カメレオンは、体の色をいとも簡単に変えているように見える。敵を威嚇したり、背景にとけ込んだり、交尾の相手を探したりするとき、皮膚の色を短時間で変えることができるからだ。

科学者たちは何十年も前から、この仕組みを解き明かそうとしてきた。そしてこのほど、太陽の光を浴びると色が変わる新しいスマート(賢い)スキンの開発に成功した。

「自然界ではいつも起きていることですが」と米エモリー大学の生物工学者ハリド・サライタ氏は前置きしたうえで、「直射日光によって、色の変化を引き起こすことに成功しました」と述べた。氏らの論文は2019年9月11日付けで学術誌「ACS Nano」に発表された。

このスマートスキンは迷彩服から塗料、化学センサーまで、あらゆるものの材料として利用できる可能性がある。

米ノースイースタン大学の生化学者レイラ・デラビ氏は、新しいスマートスキンは「工学者にとって大きな課題」を解決するものと評価している。というのも、従来のやり方とは違い、素材の体積を維持したまま色を変化させられるからだ。なお氏は今回の研究には関わっていない。

カメレオンにならって

ハリー・ポッターが透明マントを身に着けるはるか前から、動物たちは体の色を巧みに操ってきた。カメレオンはもちろん、熱帯魚やタコ、イカなどが、この能力を独自に進化させている。

こうした動物の皮膚細胞には、フォトニック結晶と呼ばれる小さな結晶がびっしり詰まっている。固有の色を持つ色素と異なり、これらの結晶は大きさや化学組成、配置によって光の反射・散乱のしかたが変わり、色が変わる。

2015年、学術誌「Nature Communications」に論文を発表した別の研究チームは、カメレオンには「普通」の皮膚細胞のほかに、グアニン結晶を含んだ細胞の層があることを発見した。体色を変えるときは、結晶を含む細胞を自在に伸縮させ、さまざまな波長の光を反射する。同時に、普通の皮膚細胞も隙間を埋めるように伸縮する。

研究室で色が変わるスマートスキンを作るとき、ゼリー状のポリマー化合物にフォトニック結晶を埋め込むのが典型的手法だ。今回の論文の著者であるイーシャオ・ドン氏はさらに工夫して、カメレオンの皮膚と同じようにポリマーを2層構造にすることを提案した。ドン氏はサライタ氏の研究室に所属する博士課程の学生だ。

「完璧な解決策だと思いました」とサライタ氏は振り返る。

光を浴びると色が変わる

研究チームが作ったのは従来のシリコーンのブレスレットのようなものではなく、薄くて柔軟な構造をしている。2つの層のうちの1つには、酸化鉄と二酸化ケイ素のフォトニック結晶が埋め込まれている。化学的には「鉄さびの核を砂の殻が覆っているようなものです」とサライタ氏は説明する。もう1つの層は、無色のポリマーでできている。

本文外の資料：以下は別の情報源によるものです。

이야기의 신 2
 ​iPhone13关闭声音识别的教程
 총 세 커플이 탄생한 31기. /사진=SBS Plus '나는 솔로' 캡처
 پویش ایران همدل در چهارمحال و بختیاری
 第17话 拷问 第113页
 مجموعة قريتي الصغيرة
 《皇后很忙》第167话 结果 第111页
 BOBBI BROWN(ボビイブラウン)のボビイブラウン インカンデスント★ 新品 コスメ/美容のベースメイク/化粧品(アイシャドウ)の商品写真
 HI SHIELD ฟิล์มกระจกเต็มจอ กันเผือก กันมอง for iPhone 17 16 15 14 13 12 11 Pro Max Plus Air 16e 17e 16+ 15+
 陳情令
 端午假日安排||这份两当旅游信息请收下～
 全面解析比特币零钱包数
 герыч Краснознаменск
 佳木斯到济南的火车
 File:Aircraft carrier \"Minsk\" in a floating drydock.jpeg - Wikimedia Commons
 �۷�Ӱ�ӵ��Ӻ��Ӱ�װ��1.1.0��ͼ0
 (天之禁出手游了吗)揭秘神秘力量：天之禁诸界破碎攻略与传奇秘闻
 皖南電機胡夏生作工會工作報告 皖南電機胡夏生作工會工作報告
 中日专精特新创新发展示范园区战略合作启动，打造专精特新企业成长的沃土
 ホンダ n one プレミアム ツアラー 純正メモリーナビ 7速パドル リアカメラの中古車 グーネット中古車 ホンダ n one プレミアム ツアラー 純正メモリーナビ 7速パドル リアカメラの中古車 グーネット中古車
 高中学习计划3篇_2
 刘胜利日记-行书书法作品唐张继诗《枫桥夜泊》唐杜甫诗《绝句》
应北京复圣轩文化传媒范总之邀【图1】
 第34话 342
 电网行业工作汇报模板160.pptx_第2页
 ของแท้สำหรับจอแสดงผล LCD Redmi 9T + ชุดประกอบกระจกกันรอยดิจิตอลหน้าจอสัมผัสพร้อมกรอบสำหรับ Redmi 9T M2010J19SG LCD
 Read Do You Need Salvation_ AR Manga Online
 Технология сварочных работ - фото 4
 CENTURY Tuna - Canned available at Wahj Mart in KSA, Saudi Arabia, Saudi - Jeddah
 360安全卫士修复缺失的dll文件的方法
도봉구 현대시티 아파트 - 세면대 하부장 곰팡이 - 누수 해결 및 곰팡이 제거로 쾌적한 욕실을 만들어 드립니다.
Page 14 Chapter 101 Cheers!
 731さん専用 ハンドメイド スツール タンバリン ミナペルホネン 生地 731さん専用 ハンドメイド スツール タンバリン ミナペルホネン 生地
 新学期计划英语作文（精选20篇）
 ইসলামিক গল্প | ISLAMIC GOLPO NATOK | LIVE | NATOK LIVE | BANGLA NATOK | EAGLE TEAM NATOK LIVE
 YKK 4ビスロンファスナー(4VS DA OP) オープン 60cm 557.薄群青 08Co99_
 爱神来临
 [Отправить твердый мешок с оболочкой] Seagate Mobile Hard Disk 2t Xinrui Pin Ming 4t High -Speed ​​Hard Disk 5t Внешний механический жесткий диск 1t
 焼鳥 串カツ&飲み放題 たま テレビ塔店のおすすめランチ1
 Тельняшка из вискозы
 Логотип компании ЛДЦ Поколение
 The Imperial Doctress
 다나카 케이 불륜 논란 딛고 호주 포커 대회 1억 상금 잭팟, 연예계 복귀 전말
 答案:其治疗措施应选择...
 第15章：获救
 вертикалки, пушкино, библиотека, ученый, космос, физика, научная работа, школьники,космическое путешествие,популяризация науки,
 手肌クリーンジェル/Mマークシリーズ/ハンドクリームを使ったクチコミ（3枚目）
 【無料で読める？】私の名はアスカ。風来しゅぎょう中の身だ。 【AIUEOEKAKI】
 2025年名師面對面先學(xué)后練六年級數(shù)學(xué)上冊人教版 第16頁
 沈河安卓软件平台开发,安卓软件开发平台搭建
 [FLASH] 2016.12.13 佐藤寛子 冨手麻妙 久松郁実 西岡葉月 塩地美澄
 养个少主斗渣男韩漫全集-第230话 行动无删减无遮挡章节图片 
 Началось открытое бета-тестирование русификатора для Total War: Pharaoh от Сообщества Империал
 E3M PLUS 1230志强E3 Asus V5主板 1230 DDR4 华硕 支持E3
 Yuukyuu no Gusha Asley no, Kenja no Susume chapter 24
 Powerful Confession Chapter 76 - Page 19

サライタ氏らはこれに太陽光とレーザー光を当てた。スマートスキンを開発する従来の研究では、色の変化を起こすのに高圧電流を用いるのが一般的だった。

ある実験では、ドン氏は木の葉の形をした黄色いスマートスキンを用意した。太陽の光を当てて5分後、スマートスキンは緑色に変色。研究室の外で集めてきた本物の木の葉にとけ込み、迷彩として利用できる可能性を示した。その後、ドン氏とサライタ氏はレーザー光を使うことで、さらに短時間で色変化を引き起こした。

「光で色を変えるのは賢い方法だと思います」と、デラビ氏は今回の研究を評価する一方で、スマートスキンを実用化するにはまだ時間がかかると考えている。

最大の課題の一つは、衣服やパネルなどに利用できる大きさのスマートスキンをつくることだ。動物ははるかにうまく色を操り、人工材料より劇的な変化を生み出すと、サライタ氏も指摘している。

今回のスマートスキンは、周囲の環境に応じて色を変えることはまだできない。デラビ氏によれば、おそらく頭足類やカメレオンは皮膚の内部で光を感知しており、これを再現するには、複雑な光学的な仕組みが必要だという。

研究成果の実用化は「学術研究の不変の難題です」。それでも、取り組む価値はあると、デラビ氏は考えている。

動物たちは何百万年もかけて進化し、体の色を変化させる完璧なシステムをつくり上げてきた。科学者たちがその秘密をいくらか拝借しようとするのも当然だ。「このポリマーが理想の材料に生まれ変わる可能性は十分あります」とサライタ氏は述べている。